2 – maximum: indicates the maximum quantity of threads that are available.
3 – free minimum: indicates the minimum quantity of free threads.
4 – input: indicates the quantity of new threads that are available when the number of free threads is below the value previously defined.
(selection) The input respects the maximum quantity of configured threads. Therefore, the quantity of new threads released is equal to the smallest value between the input and the difference of maximum and threads in use.
Step 1: Provisioning Configuration in Fluig Identity
In Fluig Identity portal, access Application page and select the desired Application.

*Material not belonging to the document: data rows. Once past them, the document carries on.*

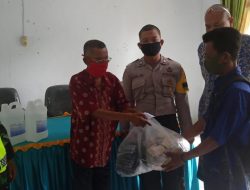 Peduli Covid, Lurah Teluk Dawan Bagikan Masker dan Vitamin Kepada Warga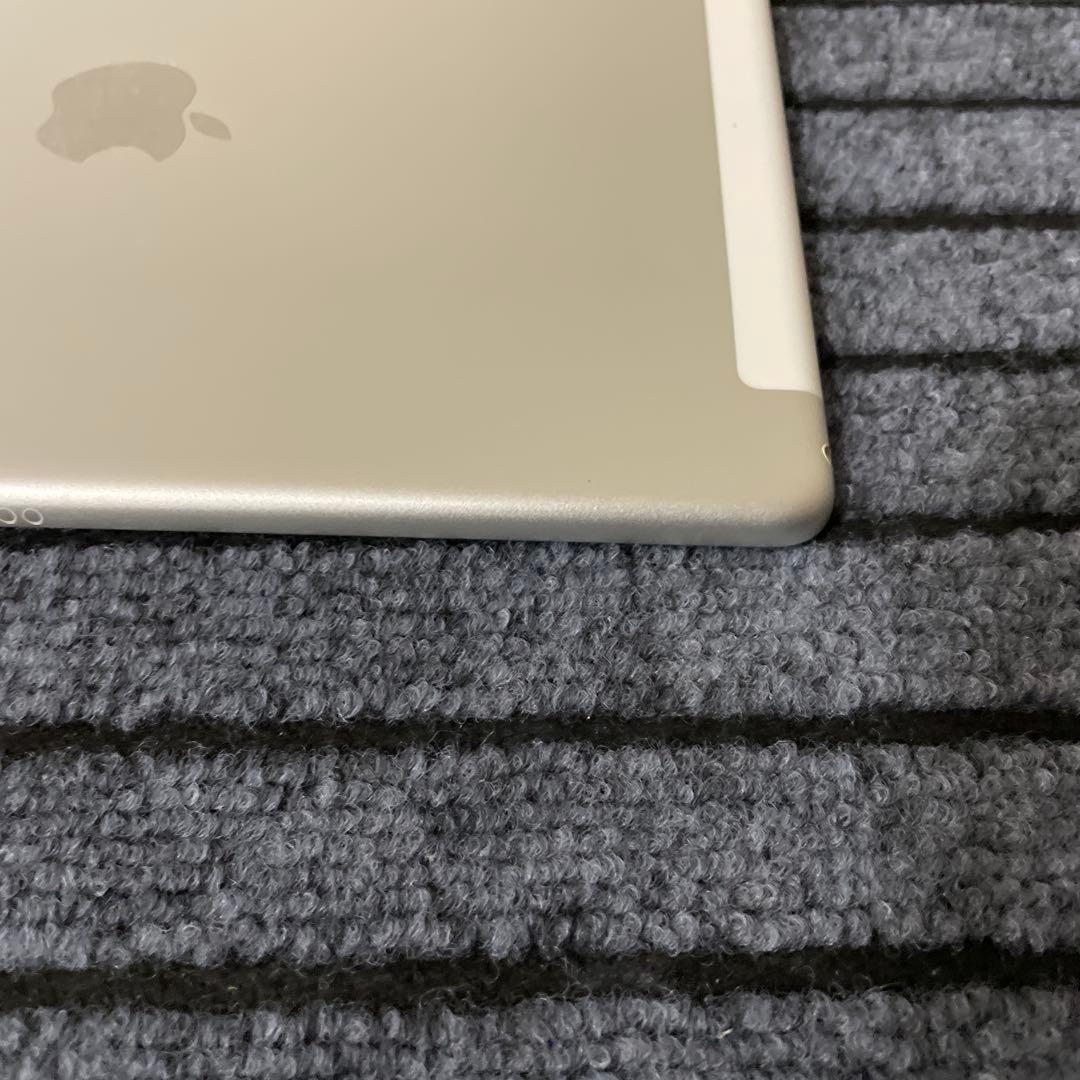 106 iPad 8世代 32GB SIMフリー シルバー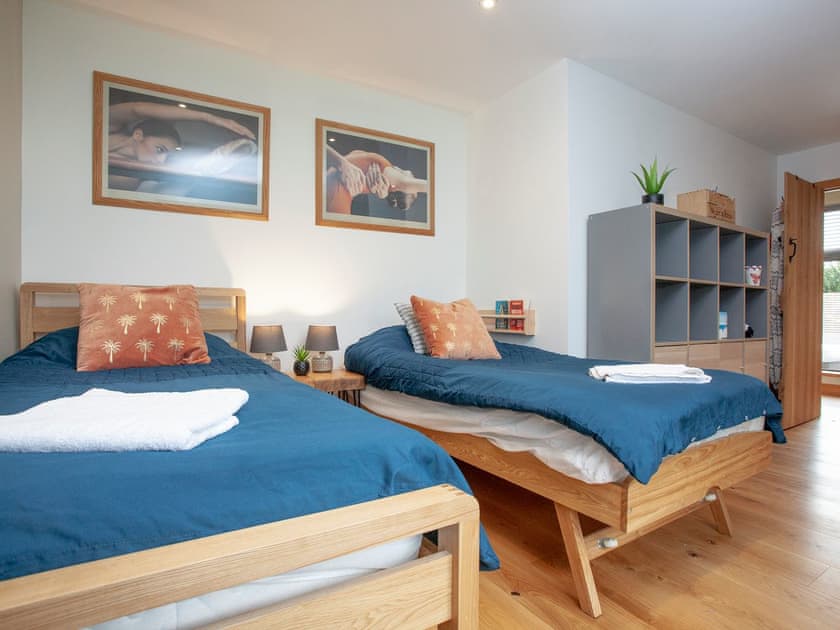 Twin bedroom | Vredehoek, Blunts, near Saltash
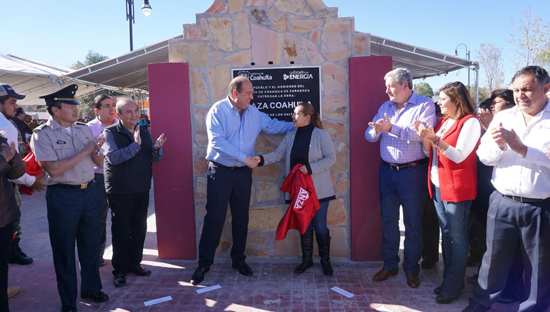 El gobernador Rubén Moreira entregó la plaza “Coahuila” 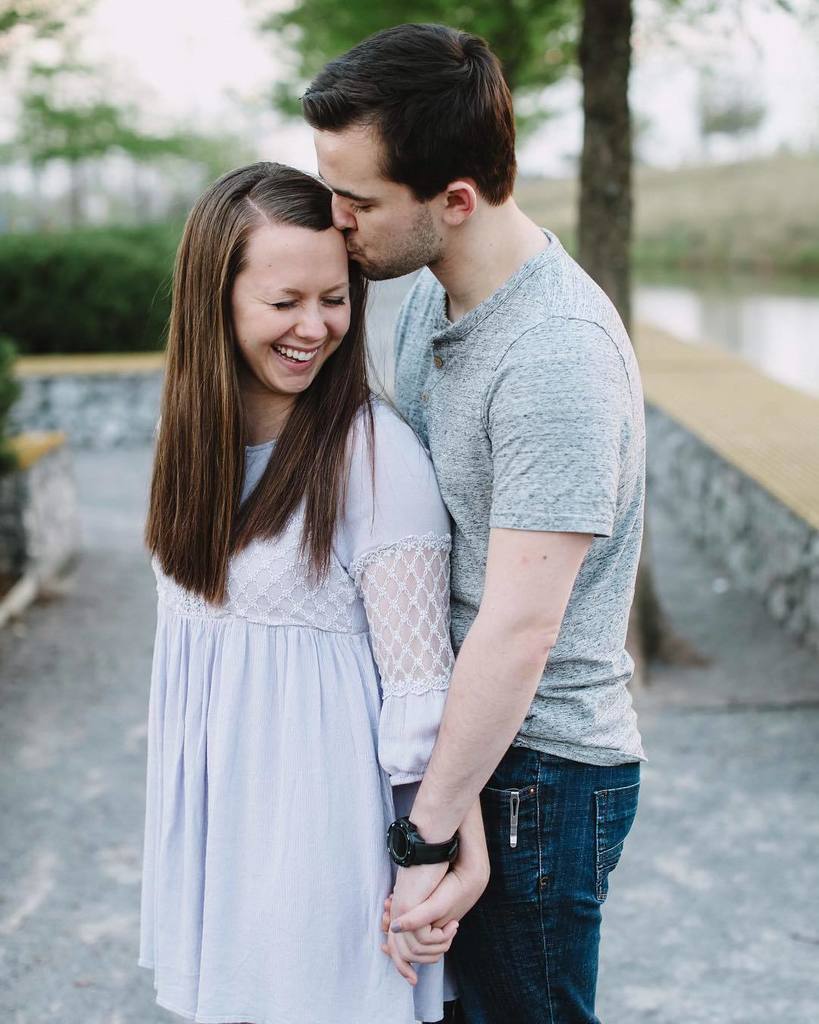 rachelshank_'s tweet photo. TWO. WEEKS. ππ°π»π€΅π»β€οΈ
π·: @jenniferwoodbery
#jwoodberyphotography #switchtoshank #railroadpark #instagrambham #junebr⦠https://t.co/yVVp1QEU03 https://t.co/a2m8E4FDDL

Click 'Provision' and then 'Edit'.
Edit configurations of Protheus Application, as described as follows:
Enable Provisioning: To enable the provisioning, the option must be selected.
Provisioning Mode: SCIM (Management System of Identity Cross-Domain)
The SCIM Protocol is an application level, the REST protocol for provisioning and management of identity data in web.
Authentication Type: HTTP Basic
URL Rest: http://172.19.0.175:8084/scim/v2/extensions/ (http://(server):(porta)/scim/v2/extensions/)
Name of Domain Administrator User: Admin (Logon of the Administrator user of ERP Protheus)
Password of Domain Administrator: ****** (Administrator Password)
User Temporary Password: Totvs@123
Resource Access Control
The Resource Access Control, as known as RAC, is a security system that provides the functionality of access control and audit
Enable Resource Access Control: To enable the RAC, the option must be selected.
RAC Mode: Role
RAC Model: Protheus Model
Limit of Characters in the Role Name: 28 Use this field: Yes
Limit of Characters in the Role Description: 30 Use this field: Yes
Click 'Save'.
To test the Provisioning, access the ERP Microsiga Protheus and register a user with an e-mail configured for the user, and associated to the Administrator group.
Access the routine of Identity Configuration through the menu path User \ Password \ Config. Identity
In this stage, execute Synchronization. In the section 'State', click 'Synchronization'. In the next step, click 'Next' for Menus Validation.
The synchronization process progress is displayed in the Configuration Wizard of Fluig Identity.
And it can also be followed by an icon in the notification area.
In Applications in Fluig Identity, click 'Resources'. When adding a new user in Protheus, the addition is synchronized with Fluig Identity page. As the following picture:
Click 'Manage'. Then, in Roles Management, the Companies of the Administrators group with access are displayed.
Then, click 'Menu Items'. And Menu Items the Administrator User with access are displayed.